#### DATA EXTRACT:

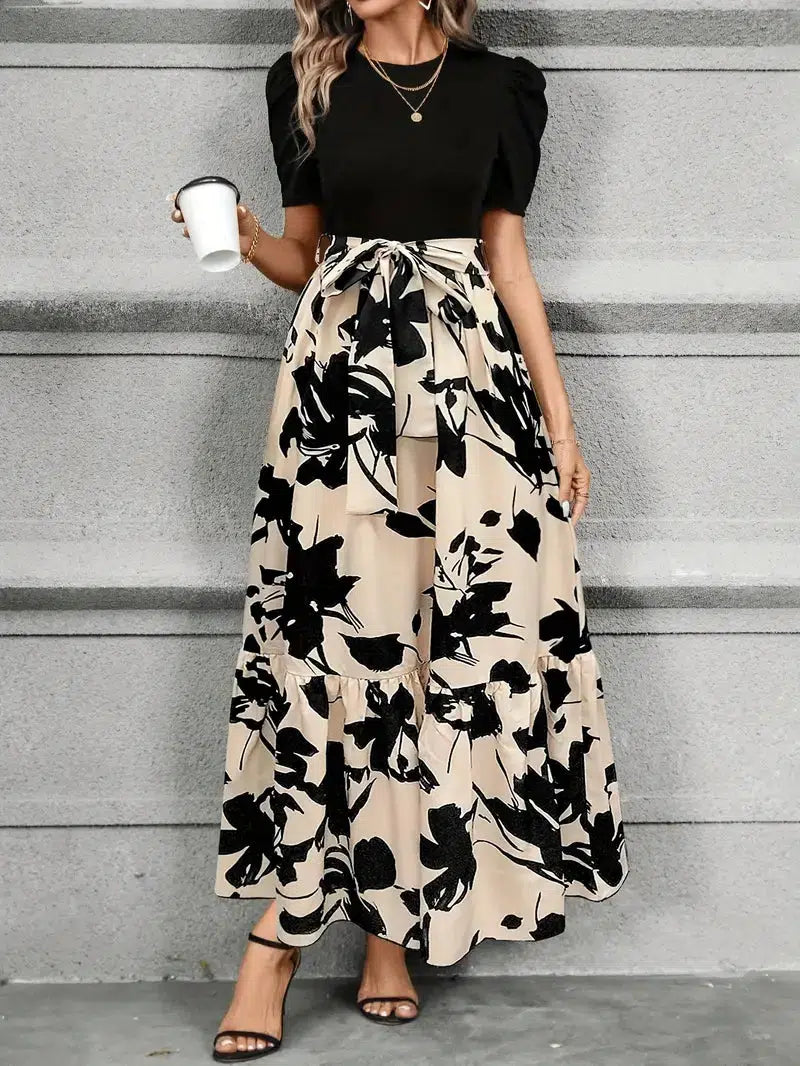 Women’s Short Sleeve Maxi Dress with Printed Skirt and Defined Waist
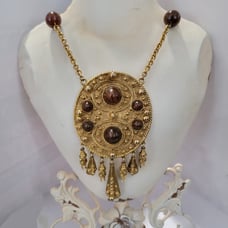 Vintage PAULINE RADER Inca/Mayan Gold Medallion With Bakelite Beads Necklace 28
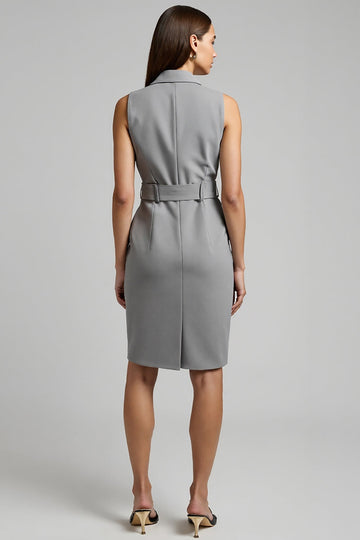 Grey Satin Double Breasted Notched Lapel Midi Work Dress with Belt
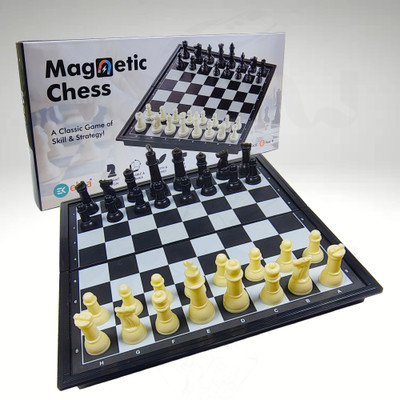 Meesaj Magnetic Chess Board Game – Travel-Friendly Set with Secure Storage for Family Strategy & War Board Game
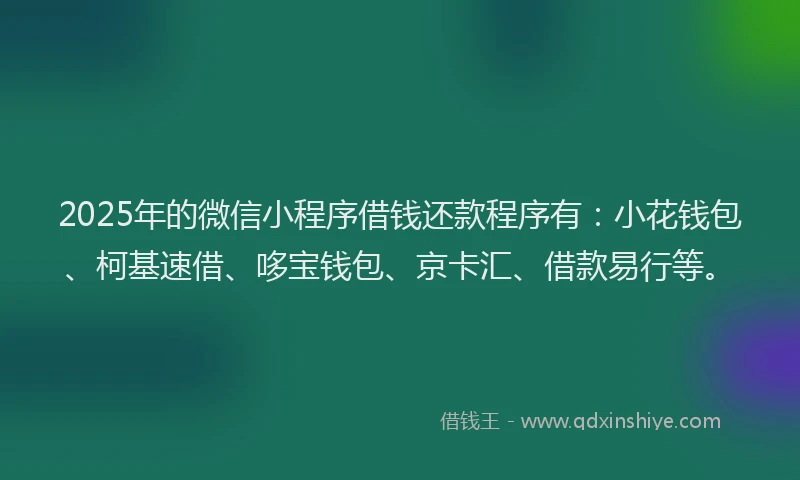 2025年的微信小程序借钱还款程序有：小花钱包、柯基速借、哆宝钱包、京卡汇、借款易行等。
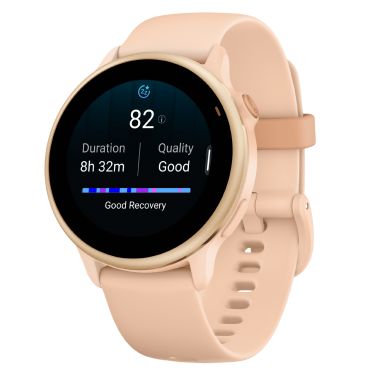 Garmin Vívoactive 6 Metallic Pink Dawn watch, peach pink strap, 42 mm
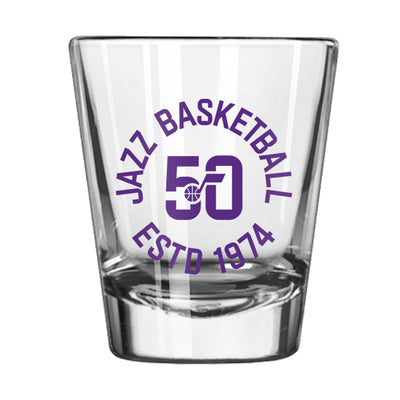 Utah Jazz 50th Anniversary 2oz Shot Glass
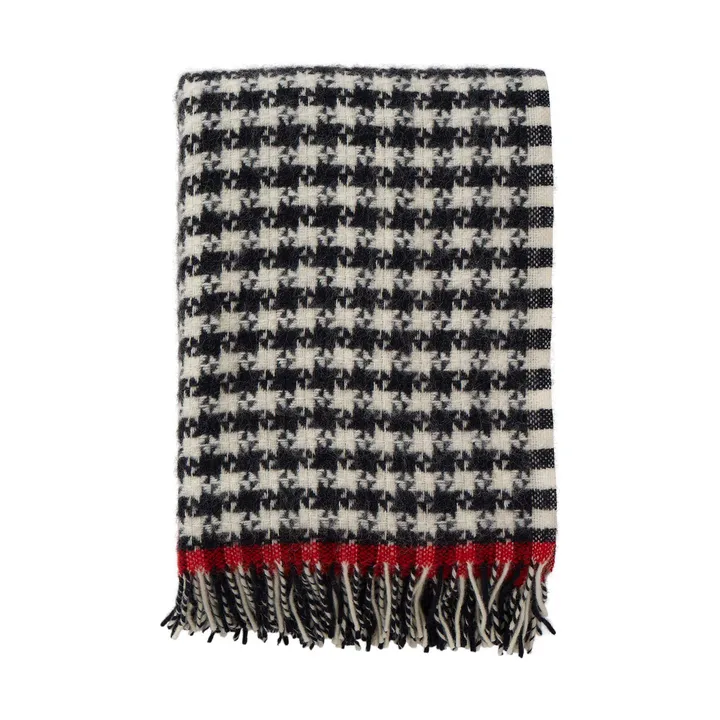 Dogtooth ullpläd 130x200 cm - Black-red - Klippan Yllefabrik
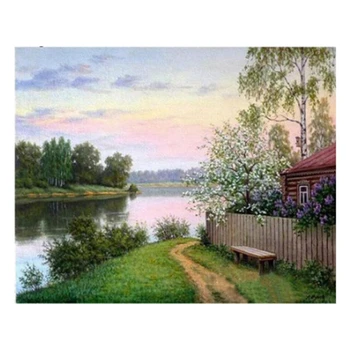 

Village Lake Natural Scenery Diamond Embroidery Full Rhinestone Diamond Diamond Painting Cross Stitch Kit Home Decoration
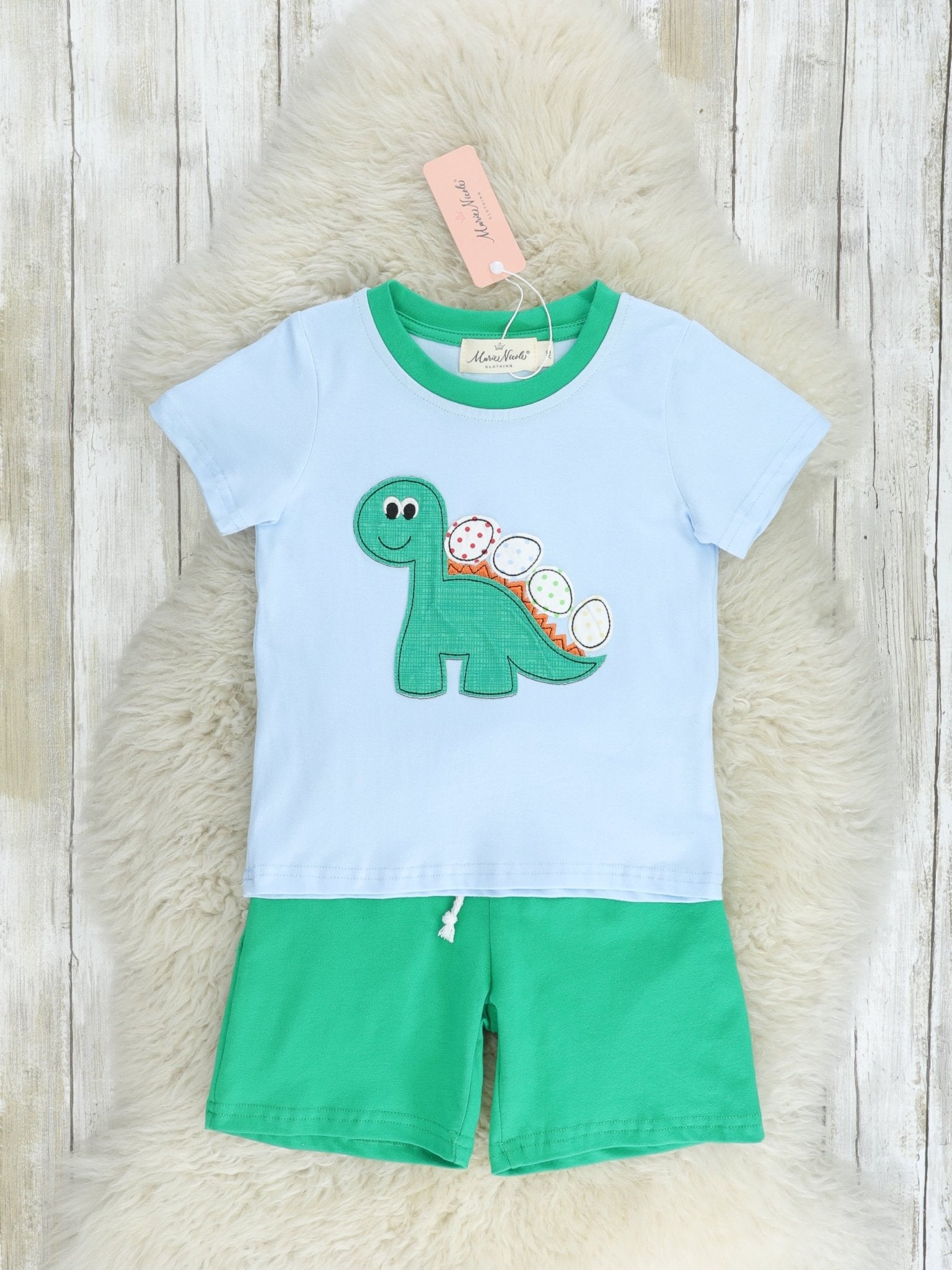 Blue & Green Dino Outfit - Marie Nicole Clothing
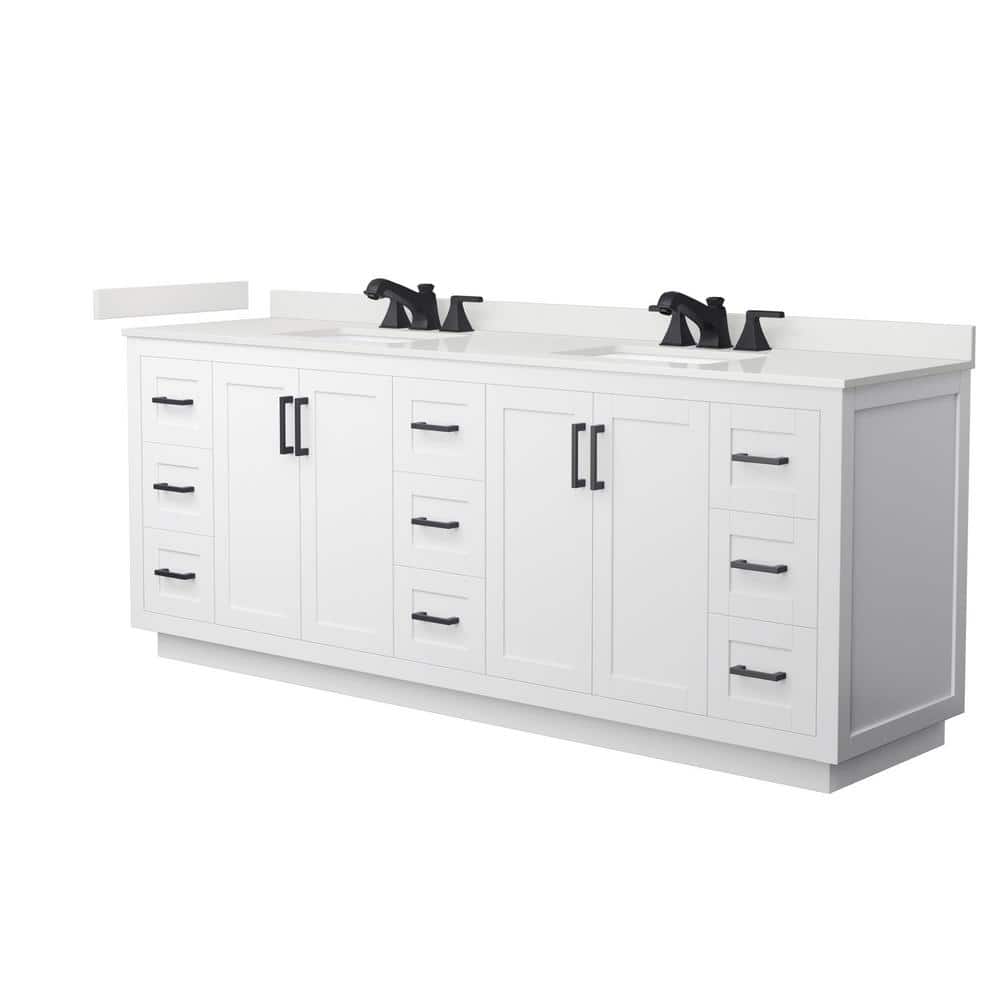 Wyndham Collection Miranda 84" Double Bath Vanity with White Quartz Top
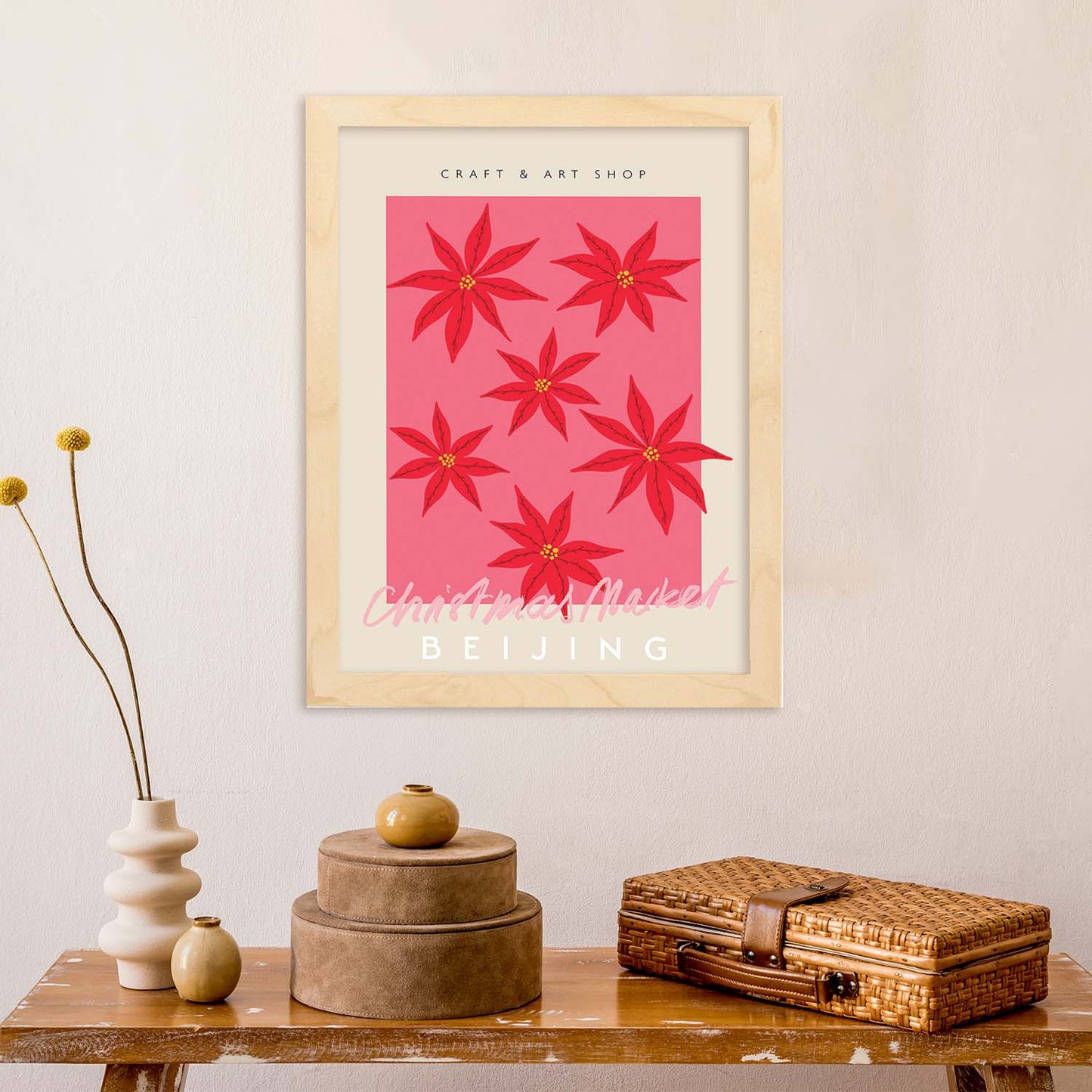 Lamina artistica decorativa con ilustración de Mercado de Navidad Pekín estilo Abstracto-Artwork-Nacnic-Nacnic Estudio SL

#### EXERCISE DIRECTIONS:
Retype exactly, please, the span from the line holding "Utah Jazz 50th Anniversary 2oz Shot Glass" through the closing line of the data, both ends included, without the pictures.

#### ANSWER TO THE PROBLEM:
 Utah Jazz 50th Anniversary 2oz Shot Glass
 Dogtooth ullpläd 130x200 cm - Black-red - Klippan Yllefabrik

Village Lake Natural Scenery Diamond Embroidery Full Rhinestone Diamond Diamond Painting Cross Stitch Kit Home Decoration
 Blue & Green Dino Outfit - Marie Nicole Clothing
 Wyndham Collection Miranda 84" Double Bath Vanity with White Quartz Top
 Lamina artistica decorativa con ilustración de Mercado de Navidad Pekín estilo Abstracto-Artwork-Nacnic-Nacnic Estudio SL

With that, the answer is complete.